Que nível de escrutínio enfrentarão a partir de agora quaisquer iniciativas desta natureza apresentadas pelo nosso país junto das instituições europeias? E que confiança terão os investidores e parceiros estrangeiros para continuarem a injetar centenas de milhões de euros em projetos do hidrogénio em Portugal, quando quase todos os seus interlocutores governamentais enfrentam problemas com a justiça?
Nunca escondi as minhas reservas em relação ao facto de o governo ter centrado toda a sua estratégia para a energia no hidrogénio. Por se tratar de tecnologia ainda em fase de desenvolvimento e por existir conhecimento, capacidade instalada e margem de crescimento para apostar na expansão de tecnologias mais consolidadas, tais como a energia solar e a eólica.

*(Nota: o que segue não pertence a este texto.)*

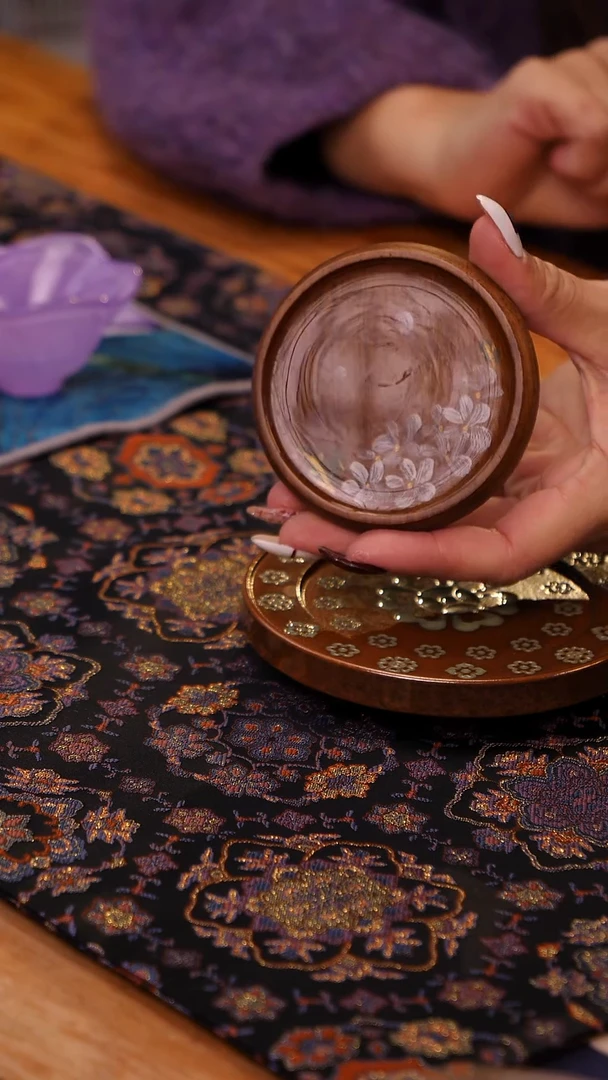 【闪购商品】手绘桂花竹盖置杯垫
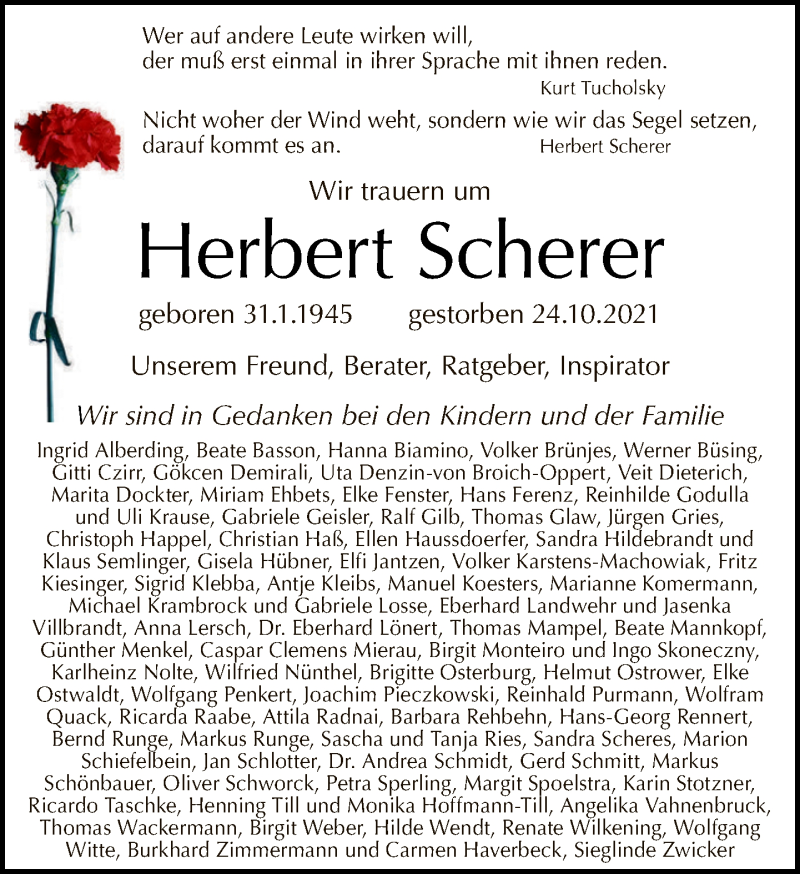  Traueranzeige für Herbert Scherer vom 07.11.2021 aus Tagesspiegel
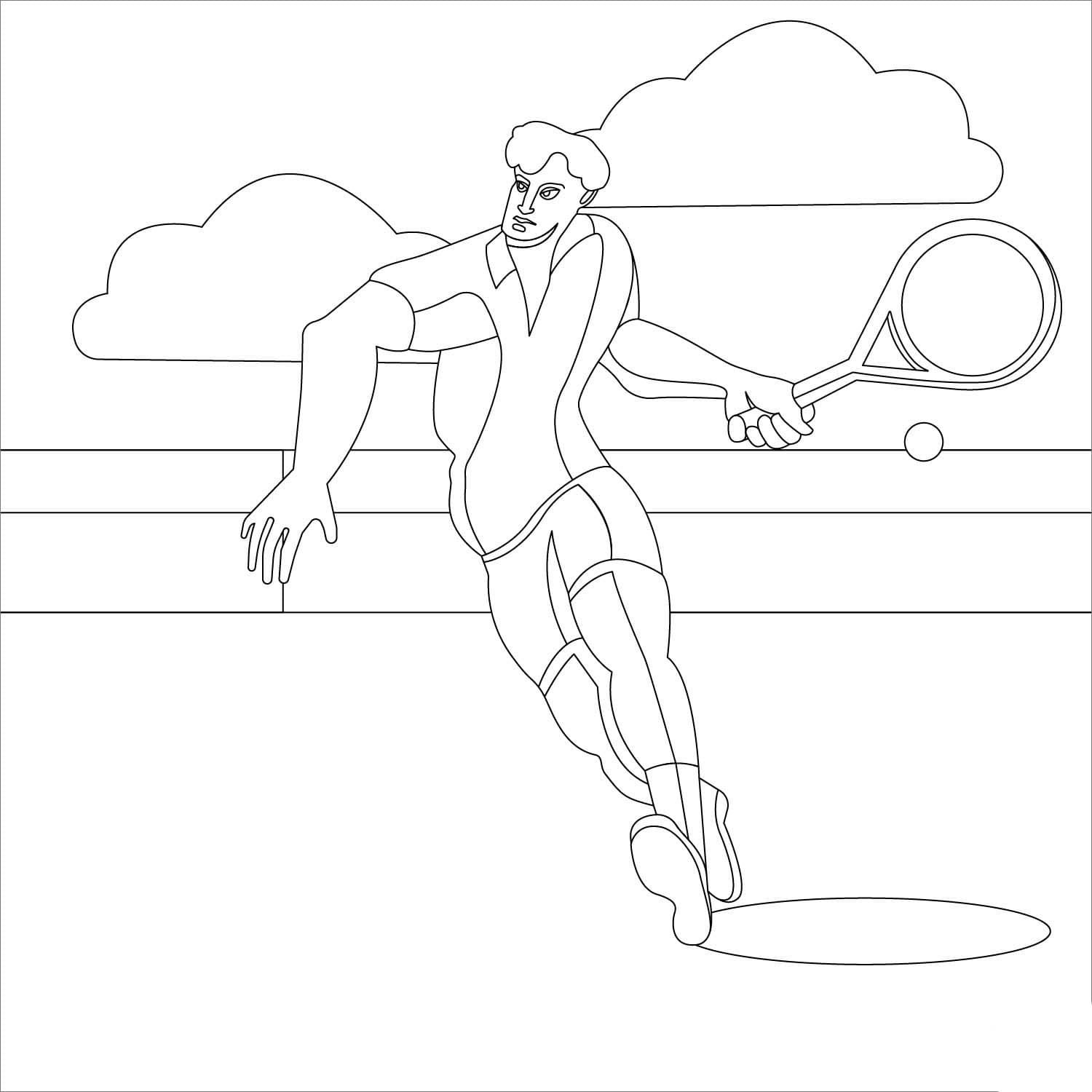 Desenhos de Desenho Tênis básico para colorir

Também nunca tive ilusões de que o famoso projeto H2Med, para fazer da Península Ibérica uma grande exportadora de hidrogénio verde para a Europa, dificilmente veria a luz do dia no futuro próximo, porque pura e simplesmente ainda não existe capacidade tecnológica para transportar hidrogénio a grandes distâncias por pipeline.
Mas isso não significa que pretendesse ver o nosso país fora da corrida pela produção de hidrogénio limpo, que é uma componente essencial das políticas europeias para a transição verde na indústria e nos transportes pesados por via terrestre, marítima e aérea. Nem significa que não visse no hidrogénio potencial para contribuir para a reindustrialização e desenvolvimento económico do país, sobretudo quando utilizado localmente. O que temia, e infelizmente parece estar a ser demonstrado, é que ficaríamos com poucas alternativas caso esta grande aposta fosse de alguma forma comprometida.
Agora, o que há a fazer é mudar a estratégia para o hidrogénio, apostando em projetos locais e de menor dimensão. E é ainda imperioso fazer uma nova distribuição, mais equilibrada, dos fundos europeus. As consequências, se nada for feito, serão trágicas para o país. E serão especialmente graves para a região do Alentejo, onde foi alocada uma grande fatia dos fundos do PRR ao projeto de Sines, em prejuízo de investimentos há muito adiados, nomeadamente na rede rodoviária e na ferrovia.